## Assignment
Retype, without pictures, the line holding "Building Photo - 10748 W Mountain View Dr" and each line below it through the final line.

[Excerpts from a dataset]

Segment Open

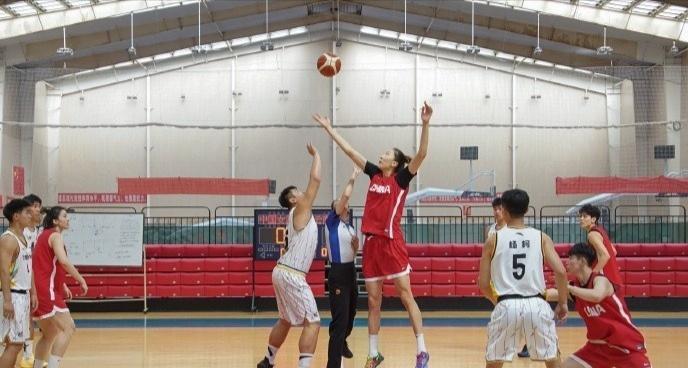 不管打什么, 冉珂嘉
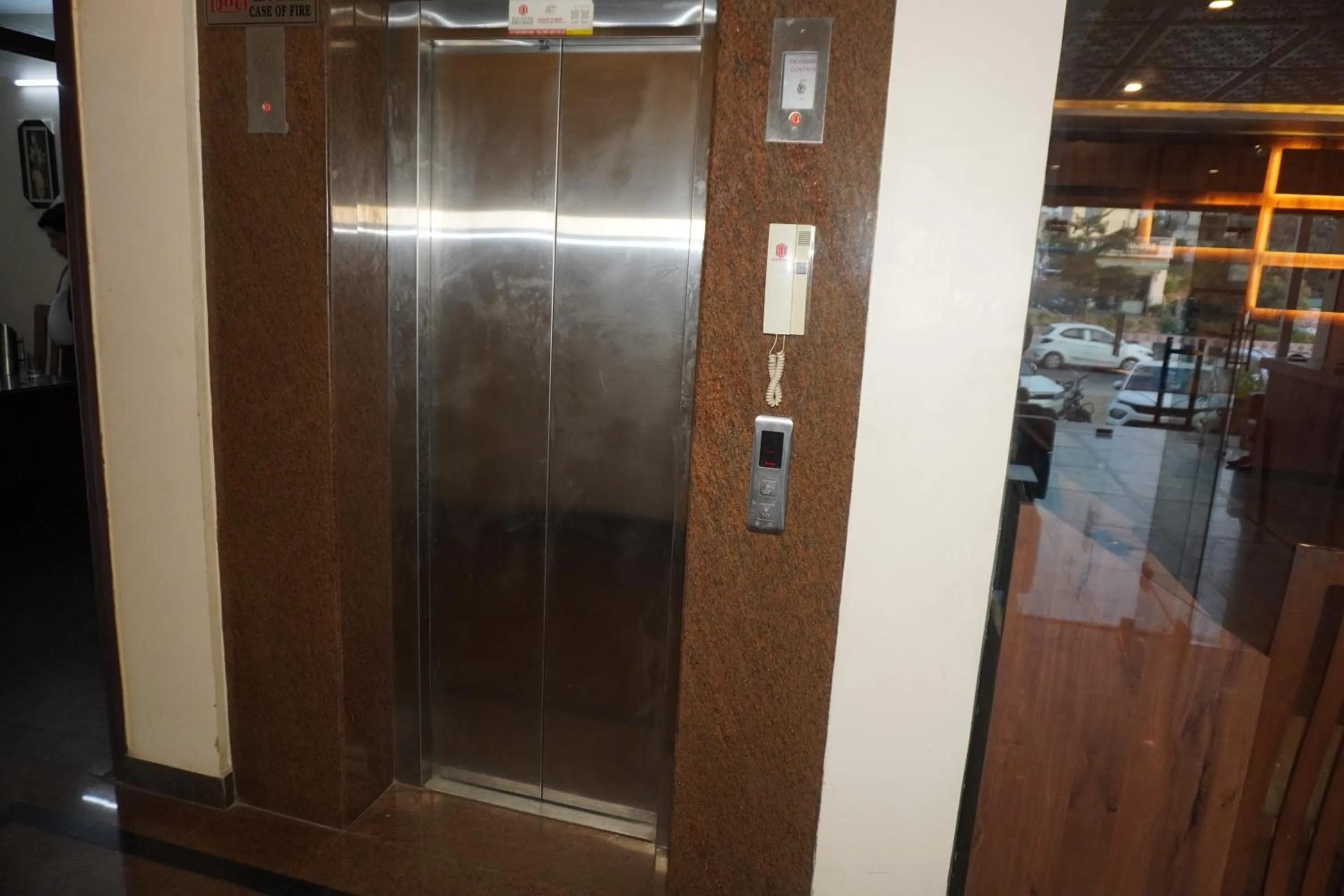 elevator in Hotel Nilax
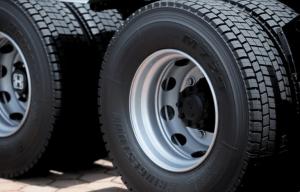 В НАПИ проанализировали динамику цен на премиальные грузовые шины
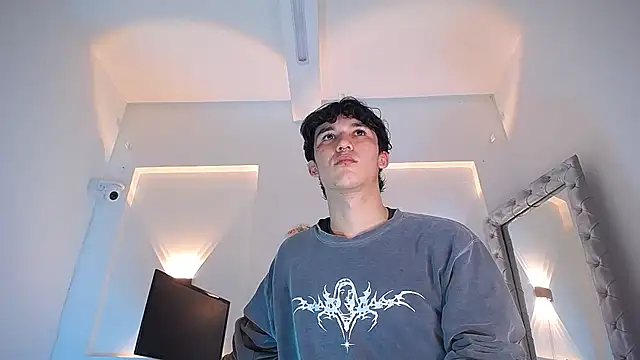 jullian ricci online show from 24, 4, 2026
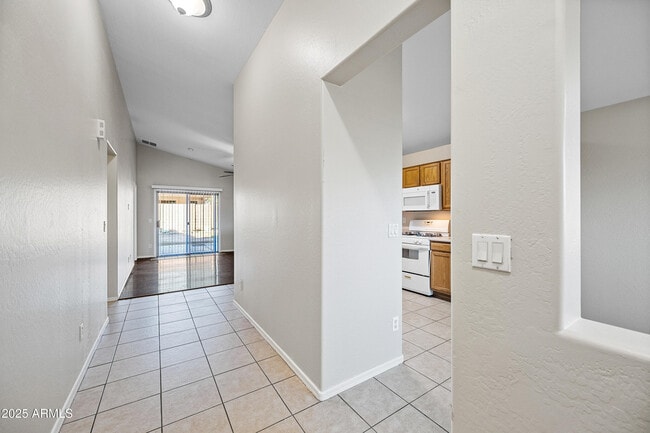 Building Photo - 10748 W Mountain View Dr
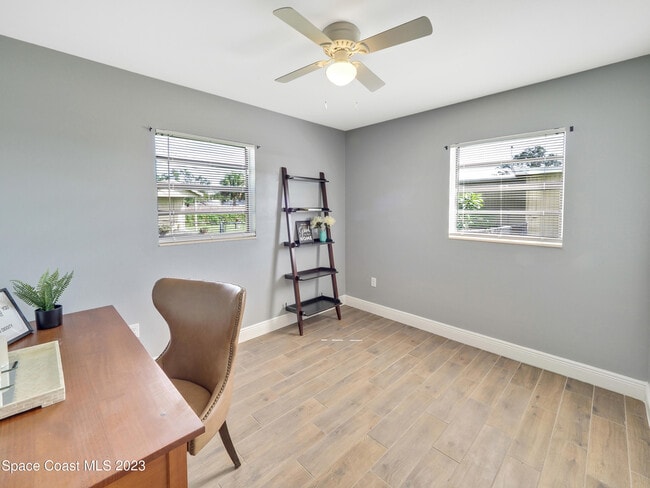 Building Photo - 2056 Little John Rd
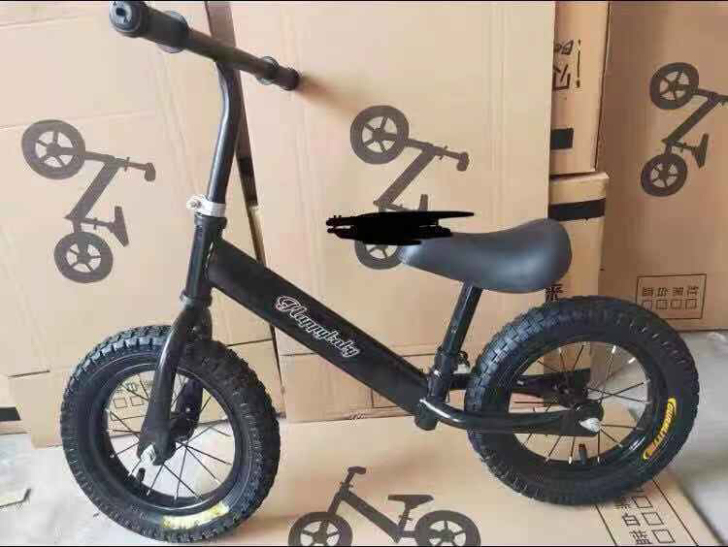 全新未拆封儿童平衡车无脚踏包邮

Segment Closed

## Answer section
 Building Photo - 10748 W Mountain View Dr
 Building Photo - 2056 Little John Rd
 全新未拆封儿童平衡车无脚踏包邮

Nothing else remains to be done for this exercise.